- _REQUIRED ACTION_: In the data below, find the line containing "Wilksboro Swivel Upholstered"; transcribe it and each line after it exactly, through the last, skipping pictures.

- _SUPPLIED DATA_:
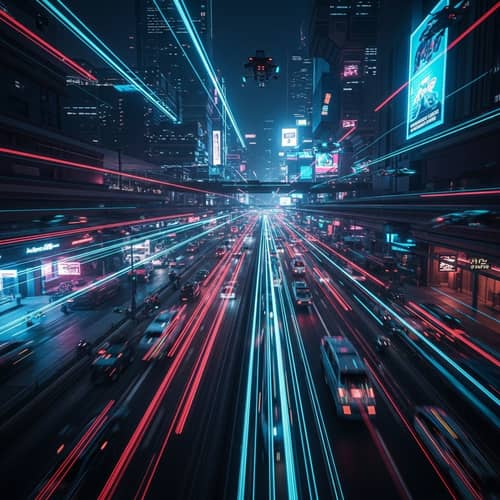 Futuristic Cyberpunk Cityscape - Vibrant Nighttime Scene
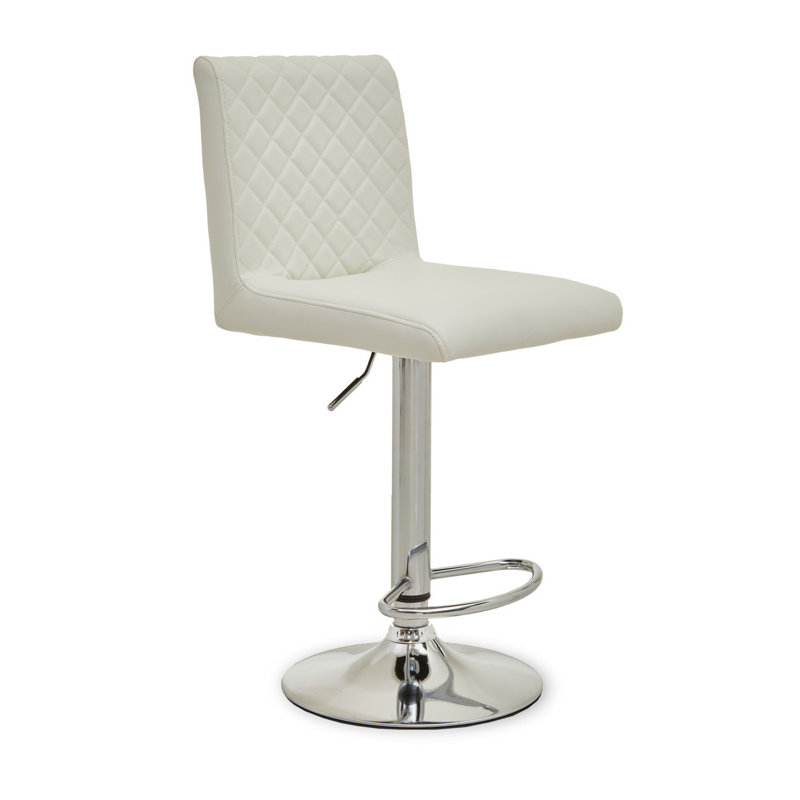 Wilksboro Swivel Upholstered Adjustable Height Counter Stool with Metal Frame, Silver, White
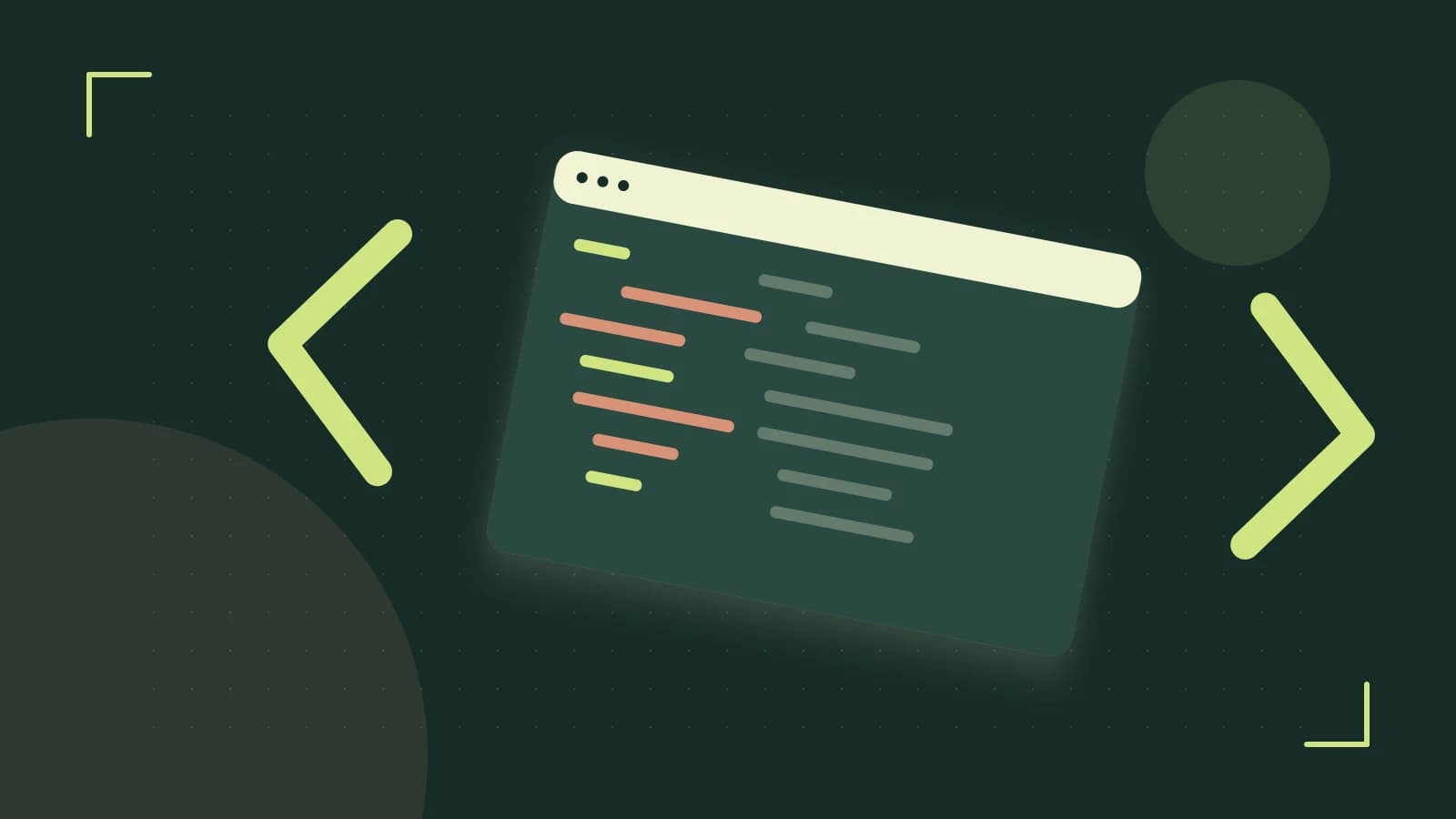 Editorial illustration of an abstract code editor, syntax blocks and oversized programming brackets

- _RESPONSE AREA_:
 Wilksboro Swivel Upholstered Adjustable Height Counter Stool with Metal Frame, Silver, White
 Editorial illustration of an abstract code editor, syntax blocks and oversized programming brackets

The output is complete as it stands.